■ **Directions for this task**: Word for word, copy the line that contains "Aset premium populer: Black" and each line after it in the data below. Pictures stay out of the copy.

-- -- --

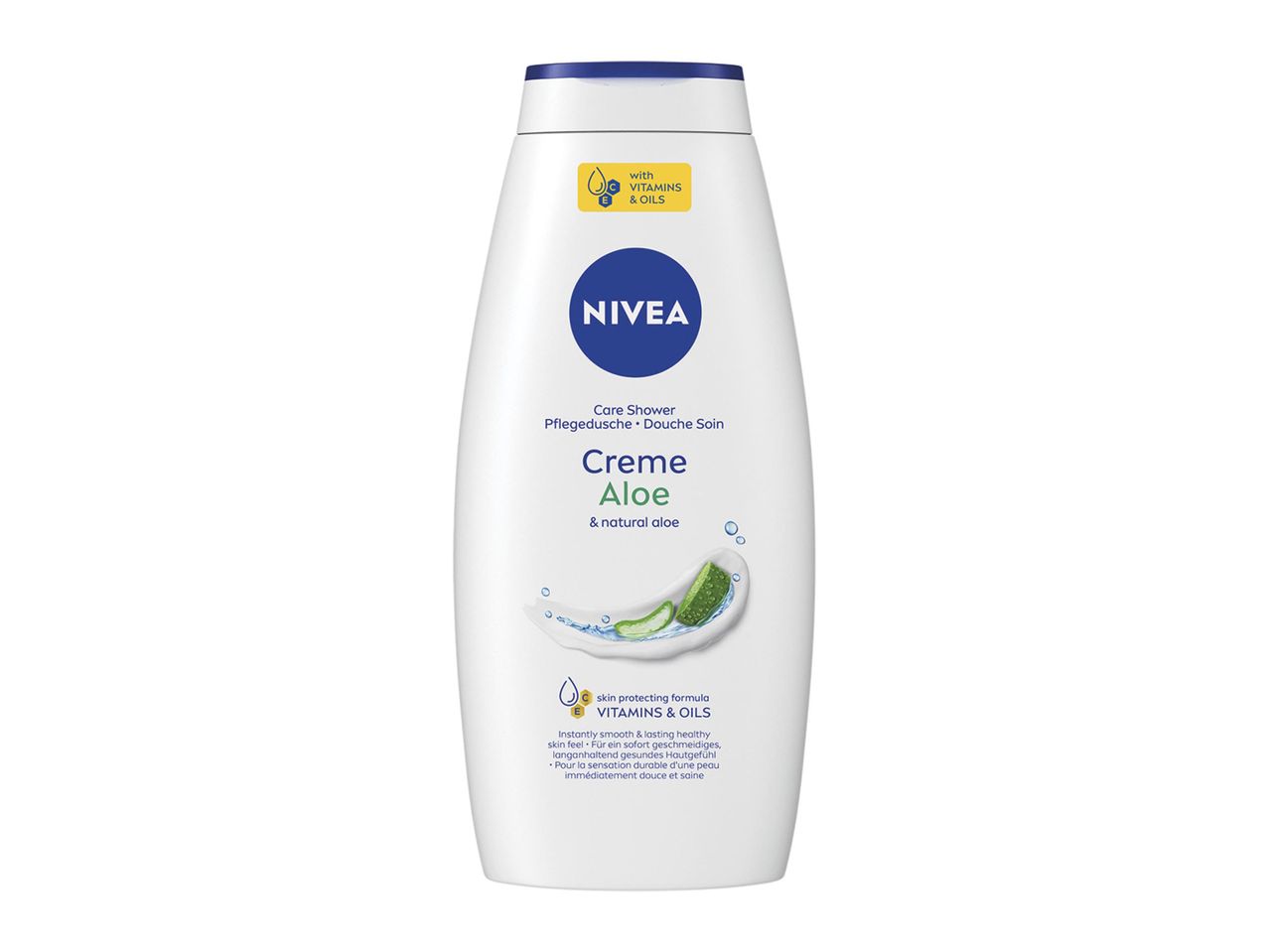 NIVEA Creme Aloe tusfürdő, aloe verával és vitaminokkal.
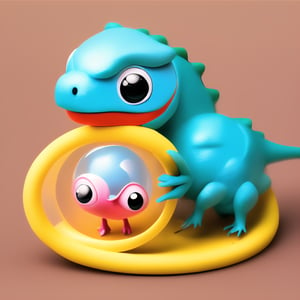 miniwoold 3d super cute dinosaur inside a circle 3d background, cute cartoon style, colorful, very clear, very creative, beautiful,  3d childish cute cartoon style:1.3, exceptional cute dinosaur anatomy, 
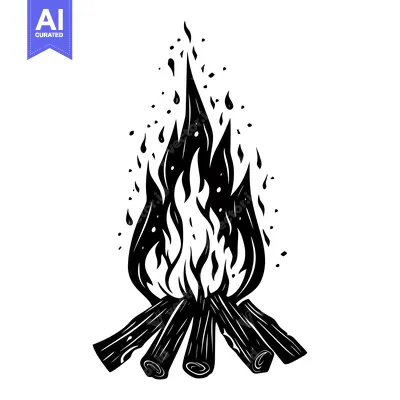 Aset premium populer: Black and White Illustration of a Campfire with Flames and Logs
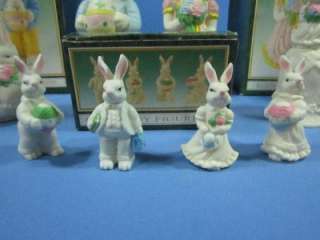 SET OF 10 JADE COLLECTION CERAMIC BUNNY FIGURINES IN BOXES, BELL 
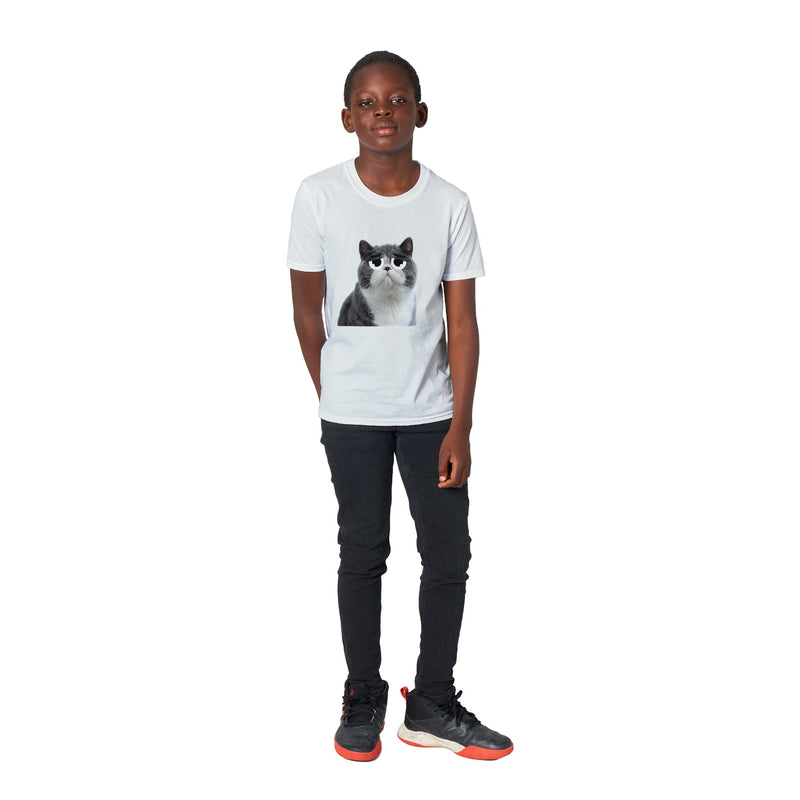 Camiseta Junior Unisex Estampado de Gato "Triste pero Gracioso" Michilandia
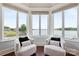 Inviting sitting area features a bay window offering stunning waterfront views and comfortable seating at 325 Ivy Arbor Cir, Rock Hill, SC 29732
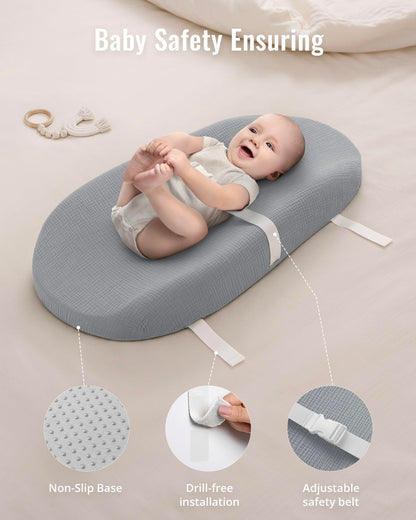 Contoured Changing Pad with Soft & Washable Cover, Waterproof Lining Foam Baby Changing Table Pads for Dresser Top, Secure with Security Strap and Two High Curved Sides, 32”×16”, Sage Green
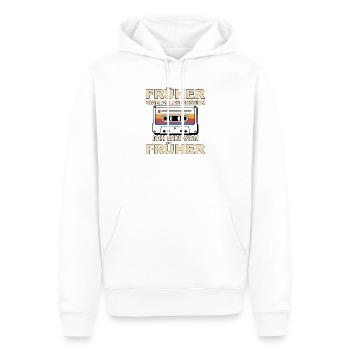 Tout était mieux avant - je viens d’avant - Sweat à capuche Premium bio Homme - blanc - Devant - Nico (187cm)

-- -- --

■ **Task answer**:
 Aset premium populer: Black and White Illustration of a Campfire with Flames and Logs
 SET OF 10 JADE COLLECTION CERAMIC BUNNY FIGURINES IN BOXES, BELL 
 Camiseta Junior Unisex Estampado de Gato "Triste pero Gracioso" Michilandia
 Inviting sitting area features a bay window offering stunning waterfront views and comfortable seating at 325 Ivy Arbor Cir, Rock Hill, SC 29732
 Contoured Changing Pad with Soft & Washable Cover, Waterproof Lining Foam Baby Changing Table Pads for Dresser Top, Secure with Security Strap and Two High Curved Sides, 32”×16”, Sage Green
 Tout était mieux avant - je viens d’avant - Sweat à capuche Premium bio Homme - blanc - Devant - Nico (187cm)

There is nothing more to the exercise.